───── Source material ─────

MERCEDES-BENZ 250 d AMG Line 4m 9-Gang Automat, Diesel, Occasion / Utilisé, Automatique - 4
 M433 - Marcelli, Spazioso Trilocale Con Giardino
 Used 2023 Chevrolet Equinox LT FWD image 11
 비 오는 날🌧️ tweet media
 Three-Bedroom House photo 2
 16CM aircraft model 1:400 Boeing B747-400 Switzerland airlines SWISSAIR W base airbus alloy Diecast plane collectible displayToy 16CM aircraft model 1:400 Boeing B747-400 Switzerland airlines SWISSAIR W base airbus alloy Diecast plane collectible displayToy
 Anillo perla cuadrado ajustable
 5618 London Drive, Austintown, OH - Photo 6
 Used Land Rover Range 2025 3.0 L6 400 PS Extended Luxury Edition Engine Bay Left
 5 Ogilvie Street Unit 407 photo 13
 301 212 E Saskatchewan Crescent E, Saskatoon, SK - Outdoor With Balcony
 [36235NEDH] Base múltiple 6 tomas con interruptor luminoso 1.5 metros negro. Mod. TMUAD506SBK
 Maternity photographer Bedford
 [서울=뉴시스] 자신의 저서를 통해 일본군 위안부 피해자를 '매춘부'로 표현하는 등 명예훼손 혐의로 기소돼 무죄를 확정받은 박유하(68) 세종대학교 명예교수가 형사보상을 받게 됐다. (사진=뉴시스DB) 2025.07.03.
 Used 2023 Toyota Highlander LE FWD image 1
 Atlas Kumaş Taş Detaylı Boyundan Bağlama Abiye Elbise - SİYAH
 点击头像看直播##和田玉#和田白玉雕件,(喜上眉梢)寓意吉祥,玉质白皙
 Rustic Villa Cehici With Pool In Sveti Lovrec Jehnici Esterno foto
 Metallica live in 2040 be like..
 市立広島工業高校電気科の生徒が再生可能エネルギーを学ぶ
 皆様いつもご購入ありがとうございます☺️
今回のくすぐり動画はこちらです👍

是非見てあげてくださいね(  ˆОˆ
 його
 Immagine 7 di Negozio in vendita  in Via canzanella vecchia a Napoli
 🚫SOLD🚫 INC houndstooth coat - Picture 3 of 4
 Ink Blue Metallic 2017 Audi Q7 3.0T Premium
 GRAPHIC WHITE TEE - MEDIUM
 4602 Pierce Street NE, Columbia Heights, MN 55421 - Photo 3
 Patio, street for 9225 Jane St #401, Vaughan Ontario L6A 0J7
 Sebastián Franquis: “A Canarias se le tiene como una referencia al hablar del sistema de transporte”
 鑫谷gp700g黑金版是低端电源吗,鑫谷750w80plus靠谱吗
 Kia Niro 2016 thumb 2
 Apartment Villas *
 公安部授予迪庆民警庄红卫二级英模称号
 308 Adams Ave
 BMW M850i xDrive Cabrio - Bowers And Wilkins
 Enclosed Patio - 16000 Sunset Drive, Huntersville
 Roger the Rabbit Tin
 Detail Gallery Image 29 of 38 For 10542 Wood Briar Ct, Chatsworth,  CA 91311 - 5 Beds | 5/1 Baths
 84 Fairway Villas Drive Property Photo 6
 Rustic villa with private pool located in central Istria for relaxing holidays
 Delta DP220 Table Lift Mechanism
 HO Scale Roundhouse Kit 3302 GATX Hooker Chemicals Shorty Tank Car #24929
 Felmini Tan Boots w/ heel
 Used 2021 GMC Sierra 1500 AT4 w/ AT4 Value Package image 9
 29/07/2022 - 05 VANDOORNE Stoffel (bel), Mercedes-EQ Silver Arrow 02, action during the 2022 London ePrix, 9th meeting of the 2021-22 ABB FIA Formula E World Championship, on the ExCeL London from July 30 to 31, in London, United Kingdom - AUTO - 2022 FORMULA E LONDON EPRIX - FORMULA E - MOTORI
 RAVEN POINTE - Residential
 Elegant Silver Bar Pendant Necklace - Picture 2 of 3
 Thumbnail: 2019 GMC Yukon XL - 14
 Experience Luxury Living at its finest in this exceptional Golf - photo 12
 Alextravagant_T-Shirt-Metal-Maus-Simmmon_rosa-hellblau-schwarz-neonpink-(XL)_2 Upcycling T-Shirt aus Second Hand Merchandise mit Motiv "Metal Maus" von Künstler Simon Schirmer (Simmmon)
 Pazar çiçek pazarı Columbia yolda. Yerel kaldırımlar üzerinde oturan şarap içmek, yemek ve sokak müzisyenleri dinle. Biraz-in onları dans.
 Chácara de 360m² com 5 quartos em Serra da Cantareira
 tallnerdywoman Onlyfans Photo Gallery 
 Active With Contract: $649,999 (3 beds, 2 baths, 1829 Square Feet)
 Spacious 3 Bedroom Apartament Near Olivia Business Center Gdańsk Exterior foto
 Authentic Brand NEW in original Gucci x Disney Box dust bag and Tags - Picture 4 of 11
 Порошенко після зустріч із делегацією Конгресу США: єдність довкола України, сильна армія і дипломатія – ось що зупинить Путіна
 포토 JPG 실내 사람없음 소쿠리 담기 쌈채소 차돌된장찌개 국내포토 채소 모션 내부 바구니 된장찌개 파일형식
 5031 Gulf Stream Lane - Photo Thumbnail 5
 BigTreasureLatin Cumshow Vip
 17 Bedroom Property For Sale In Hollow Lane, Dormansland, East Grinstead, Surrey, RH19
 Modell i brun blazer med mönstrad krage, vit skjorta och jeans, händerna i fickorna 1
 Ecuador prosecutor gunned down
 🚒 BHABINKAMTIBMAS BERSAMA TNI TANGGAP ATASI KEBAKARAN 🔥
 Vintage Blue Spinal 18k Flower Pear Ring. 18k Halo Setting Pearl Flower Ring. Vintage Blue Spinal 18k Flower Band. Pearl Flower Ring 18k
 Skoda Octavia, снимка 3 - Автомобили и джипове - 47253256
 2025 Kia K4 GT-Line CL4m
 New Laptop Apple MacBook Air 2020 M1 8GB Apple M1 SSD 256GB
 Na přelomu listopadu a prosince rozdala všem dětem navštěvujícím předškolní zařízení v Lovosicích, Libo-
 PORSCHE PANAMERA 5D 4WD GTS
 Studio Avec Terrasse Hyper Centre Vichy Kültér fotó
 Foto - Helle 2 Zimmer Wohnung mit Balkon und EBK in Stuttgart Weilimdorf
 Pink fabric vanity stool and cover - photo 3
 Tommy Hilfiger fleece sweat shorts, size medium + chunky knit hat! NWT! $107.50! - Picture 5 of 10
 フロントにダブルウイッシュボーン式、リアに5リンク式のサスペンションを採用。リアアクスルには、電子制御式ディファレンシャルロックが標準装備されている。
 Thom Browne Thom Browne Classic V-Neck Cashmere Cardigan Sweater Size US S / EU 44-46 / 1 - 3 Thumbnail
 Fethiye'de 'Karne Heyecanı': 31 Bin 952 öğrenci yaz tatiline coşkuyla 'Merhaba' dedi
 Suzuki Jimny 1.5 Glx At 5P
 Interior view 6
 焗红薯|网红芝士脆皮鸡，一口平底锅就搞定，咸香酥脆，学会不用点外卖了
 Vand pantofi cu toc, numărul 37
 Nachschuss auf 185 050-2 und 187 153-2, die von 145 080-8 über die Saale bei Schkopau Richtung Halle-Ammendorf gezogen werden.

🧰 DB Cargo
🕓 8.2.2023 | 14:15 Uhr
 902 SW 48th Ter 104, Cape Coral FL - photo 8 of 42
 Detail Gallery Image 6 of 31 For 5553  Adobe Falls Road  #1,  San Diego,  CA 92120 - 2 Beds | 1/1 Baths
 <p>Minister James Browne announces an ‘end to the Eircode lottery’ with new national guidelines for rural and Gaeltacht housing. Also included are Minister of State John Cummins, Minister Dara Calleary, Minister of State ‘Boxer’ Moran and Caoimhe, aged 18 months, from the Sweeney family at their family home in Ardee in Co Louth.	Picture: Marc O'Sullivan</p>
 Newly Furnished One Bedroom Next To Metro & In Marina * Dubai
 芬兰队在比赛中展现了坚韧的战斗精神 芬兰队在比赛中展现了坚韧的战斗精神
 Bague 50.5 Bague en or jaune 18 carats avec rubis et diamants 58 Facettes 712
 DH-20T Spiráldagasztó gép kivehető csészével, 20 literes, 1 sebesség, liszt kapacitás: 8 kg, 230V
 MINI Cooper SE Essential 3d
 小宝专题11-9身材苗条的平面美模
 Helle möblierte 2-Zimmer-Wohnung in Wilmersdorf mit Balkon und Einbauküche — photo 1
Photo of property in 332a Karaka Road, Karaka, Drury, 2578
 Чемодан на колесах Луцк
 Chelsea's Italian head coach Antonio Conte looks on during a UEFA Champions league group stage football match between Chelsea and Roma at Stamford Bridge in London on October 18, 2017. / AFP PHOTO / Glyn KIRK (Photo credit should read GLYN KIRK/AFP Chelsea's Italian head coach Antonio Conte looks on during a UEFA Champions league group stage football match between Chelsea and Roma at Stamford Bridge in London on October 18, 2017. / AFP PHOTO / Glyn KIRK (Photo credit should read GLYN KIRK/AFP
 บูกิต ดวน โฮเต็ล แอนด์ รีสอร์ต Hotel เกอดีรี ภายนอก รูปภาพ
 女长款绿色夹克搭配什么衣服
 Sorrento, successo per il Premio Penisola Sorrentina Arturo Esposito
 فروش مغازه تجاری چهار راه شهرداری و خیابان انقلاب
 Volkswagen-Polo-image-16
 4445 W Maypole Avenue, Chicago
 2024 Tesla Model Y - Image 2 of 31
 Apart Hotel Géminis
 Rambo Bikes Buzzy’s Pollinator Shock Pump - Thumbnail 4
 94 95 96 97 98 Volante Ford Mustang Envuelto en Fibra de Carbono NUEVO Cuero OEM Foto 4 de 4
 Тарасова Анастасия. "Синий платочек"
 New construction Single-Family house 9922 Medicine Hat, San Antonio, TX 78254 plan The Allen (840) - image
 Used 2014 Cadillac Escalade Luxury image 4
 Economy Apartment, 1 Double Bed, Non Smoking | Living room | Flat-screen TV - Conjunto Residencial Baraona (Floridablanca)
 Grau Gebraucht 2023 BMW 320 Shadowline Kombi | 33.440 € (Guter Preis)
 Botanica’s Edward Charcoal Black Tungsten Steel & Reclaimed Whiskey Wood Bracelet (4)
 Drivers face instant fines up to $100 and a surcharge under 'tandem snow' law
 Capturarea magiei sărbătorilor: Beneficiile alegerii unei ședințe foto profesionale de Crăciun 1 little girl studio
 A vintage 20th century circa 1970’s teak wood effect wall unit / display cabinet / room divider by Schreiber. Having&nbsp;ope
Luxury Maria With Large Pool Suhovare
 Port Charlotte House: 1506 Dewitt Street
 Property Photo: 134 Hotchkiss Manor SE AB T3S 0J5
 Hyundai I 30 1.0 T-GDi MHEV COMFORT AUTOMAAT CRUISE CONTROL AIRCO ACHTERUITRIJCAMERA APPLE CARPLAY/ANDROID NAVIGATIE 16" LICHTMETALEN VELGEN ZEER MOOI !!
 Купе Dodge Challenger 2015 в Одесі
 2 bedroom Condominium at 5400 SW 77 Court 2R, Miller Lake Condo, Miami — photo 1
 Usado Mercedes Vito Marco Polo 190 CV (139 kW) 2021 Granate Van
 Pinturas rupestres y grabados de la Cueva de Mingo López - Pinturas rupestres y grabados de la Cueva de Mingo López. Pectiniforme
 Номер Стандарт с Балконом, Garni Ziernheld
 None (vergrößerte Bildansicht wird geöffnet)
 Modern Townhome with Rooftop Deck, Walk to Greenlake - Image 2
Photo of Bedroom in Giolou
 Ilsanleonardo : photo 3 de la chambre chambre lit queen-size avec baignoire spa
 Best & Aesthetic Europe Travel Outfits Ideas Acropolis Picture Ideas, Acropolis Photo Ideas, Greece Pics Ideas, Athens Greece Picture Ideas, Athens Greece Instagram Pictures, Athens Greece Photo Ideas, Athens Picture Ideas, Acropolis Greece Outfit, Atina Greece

─────

### Your goal
Quote the listing above, but only from the line that shows "Apart Hotel Géminis" through the line that shows "Used 2014 Cadillac Escalade Luxury image 4".

### Answer section
 Apart Hotel Géminis
 Rambo Bikes Buzzy’s Pollinator Shock Pump - Thumbnail 4
 94 95 96 97 98 Volante Ford Mustang Envuelto en Fibra de Carbono NUEVO Cuero OEM Foto 4 de 4
 Тарасова Анастасия. "Синий платочек"
 New construction Single-Family house 9922 Medicine Hat, San Antonio, TX 78254 plan The Allen (840) - image
 Used 2014 Cadillac Escalade Luxury image 4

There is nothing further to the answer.